Is Belief in God Good, Bad or Irrelevant?: A Professor and a Punk Rocker Discuss Science, Religion, Naturalism & Christianity

(Greg DeLong) #1

The next day Preston edited the above note and sent it to Jenny. She responded.


Dear Preston,


Thanks for reading my letter and taking the time to reply to it. Now it may not sound like I am trying to be
open-minded, but I really am. I just don't understand a lot of things and it's hard for me to grasp some of
the ideas you propose. I guess I am one of those people who have to physically see something to believe
it. I don't even know. Maybe the one thing that made me start questioning my beliefs was Young Life. I
know that most of the kids who attend are totally going against what its purpose is, but even when I did go
to Young Life and listened, some of the lessons made no sense to me.


I see what you mean about having faith, and I do have reasonable faith, but religious faith is what I lack.
Since you said you looked through the Bible for the passage on blind faith and couldn't find one, it makes
me wonder where the idea came from. To me it seems like a concept people are making up to explain why
things occur the way they do and how.


For me religious faith is hard to comprehend because it's requesting that I have faith in something I can't
see, touch or have proof even exists.

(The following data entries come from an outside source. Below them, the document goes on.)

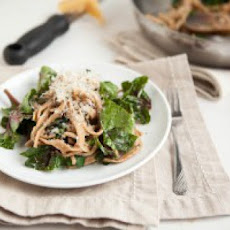 Spinach and Homemade Pasta with Garlic Butter Sauce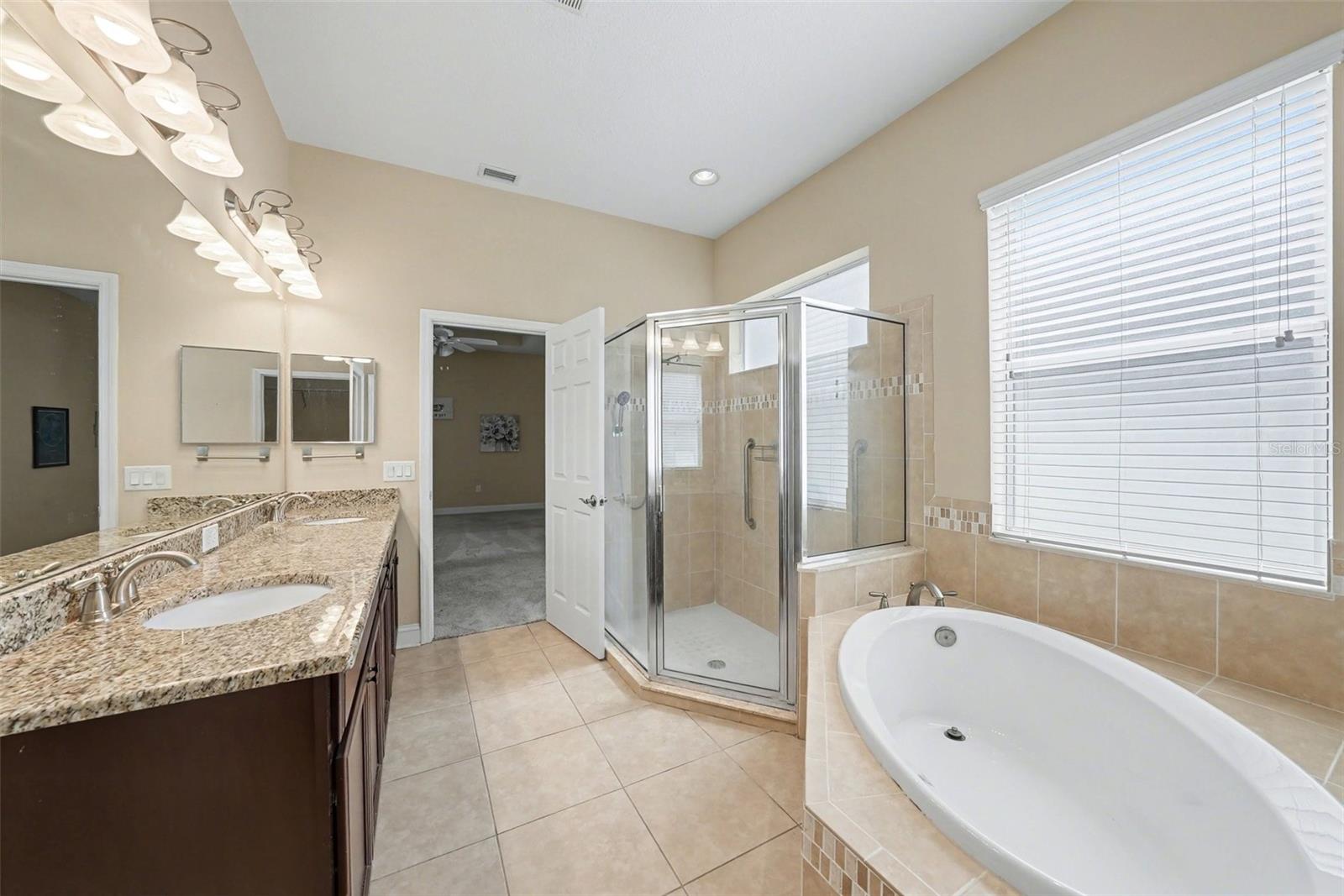 Listing photo id 30 for 20153 Oakflower Avenue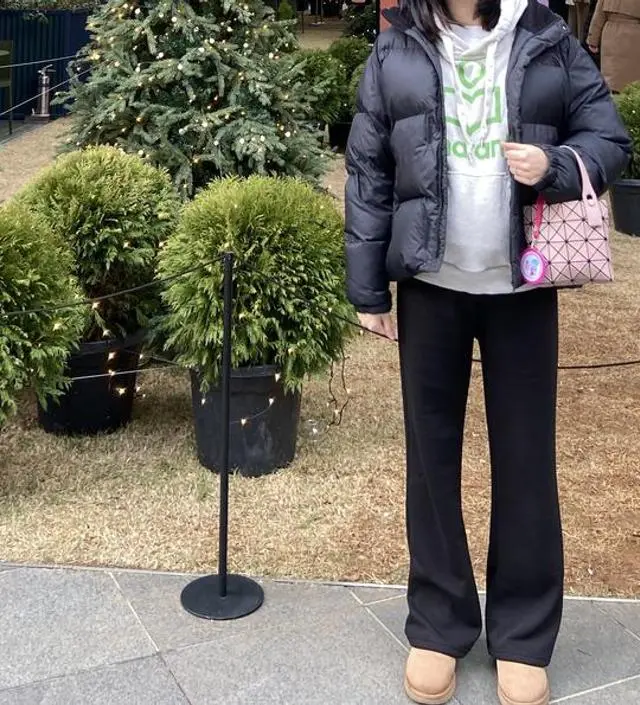 두껍지않고 은근 얇은데 밍크털이 너무 부들부들해서 좋아요!
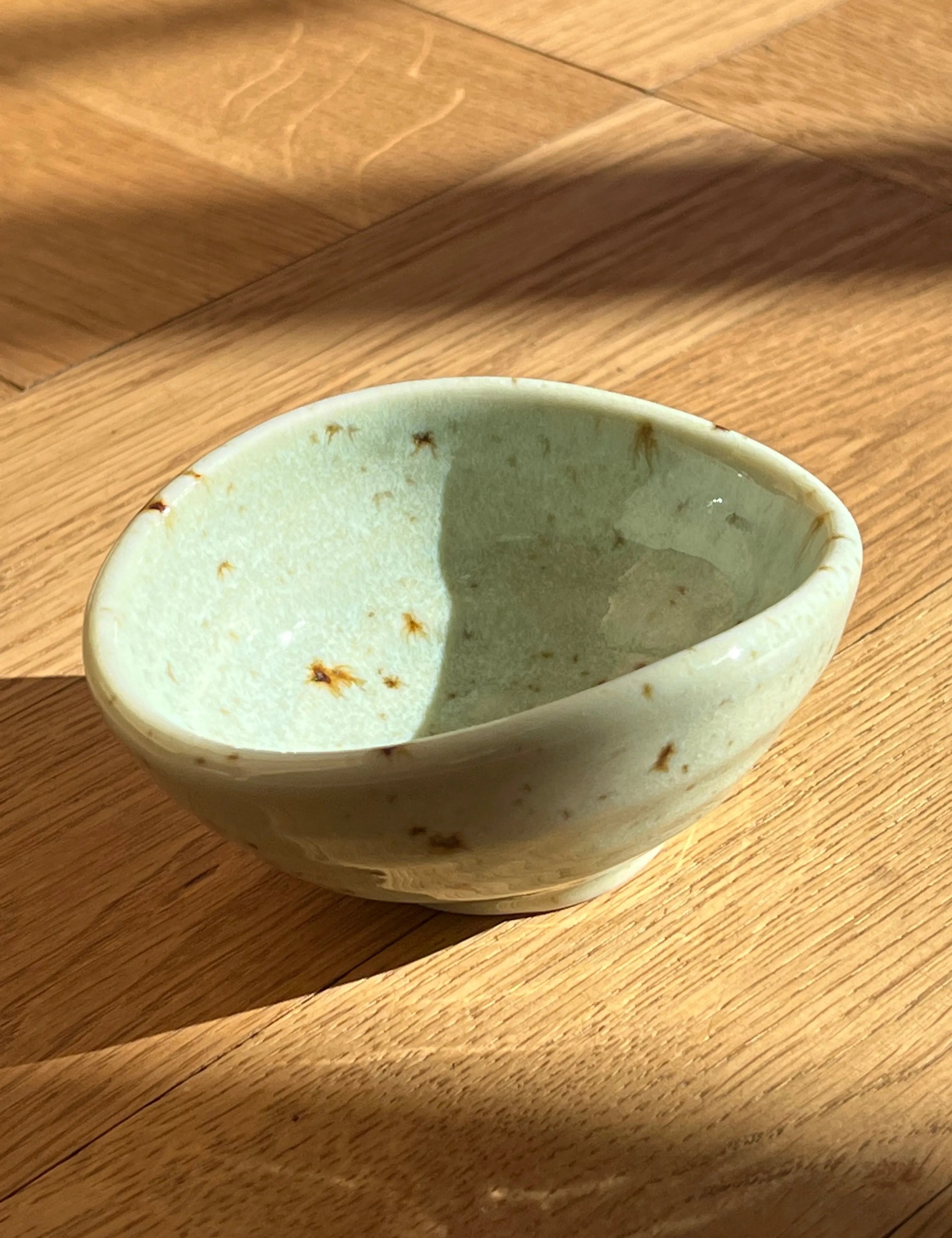Pastelfarvet, grøn skål | Lille Studio Hafnia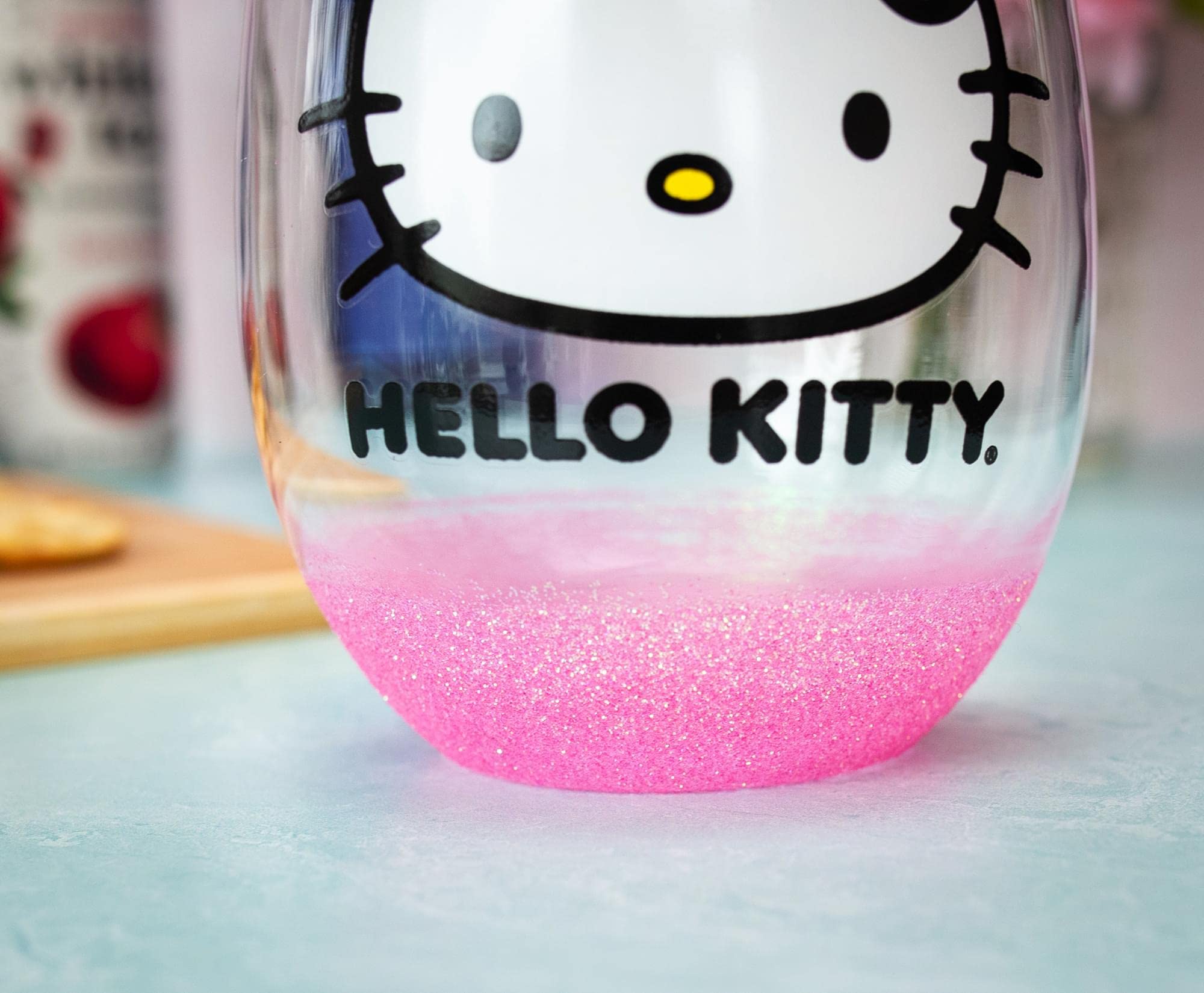 Vaso Silver Buffalo Hello Kitty para mimosas, perfecto para brunch y fiestas.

I can understand a belief in Jesus because he was a real person and
history can prove that. But what about God? Who is God? What does he look like? Where is he?


Before I started to question my beliefs, God was a "spirit" to me, a nonexistent being that I occasionally
made requests of. But then I realized I'm praying to nothing, just some society-approved "person." If I
prayed to a tree people might wonder what drugs I was taking, or if I was out of my mind. For all anybody
knows, God could be some fictional character that people made up a long time ago to explain unknown
phenomena.


I haven't read much about the creation of the universe, but to my understanding there are two theories:
the big bang theory and God created it. From what I do know of the big bang theory, the earth and
everyone on it could have started on their own, without any outside help due to evolution and how nature
works. So where does God come in on that?


In dealing with the few other people I know with no faith, some had traumatic experiences with loved
ones that spurred their disbelief. My family has a long history of health problems. My grandma had two
strokes in a week, a different grandma came down with ovarian cancer and died, then my step mom got
cancer for a second time. The uncle I was closest to died about a month ago from angiosarcoma of the
liver, a very rare form of cancer. So my question is, Why these people?


I realize that everyone dies and that there are "sacrifices" (I don't want that to sound like the wrong kind
of sacrifice, not like an animal-ritual sacrifice or anything!), and without these deaths, many other things
may not occur. But if Jesus and God wanted there to be peace in the world, and God created everything,
then why did he make such destructive diseases?


Another topic is heaven and hell. When I was a child, I went to church until my parents got divorced.
Later we started going again. When I was eight years old my mom and I were really, really poor and she
looked to church for refuge. They gave us food and that gave my mom a basis for reestablishing her
beliefs. As a kid I never really understood what went on in church, I just regurgitated the information that
was given to me. After we got back on our feet we again stopped going to church.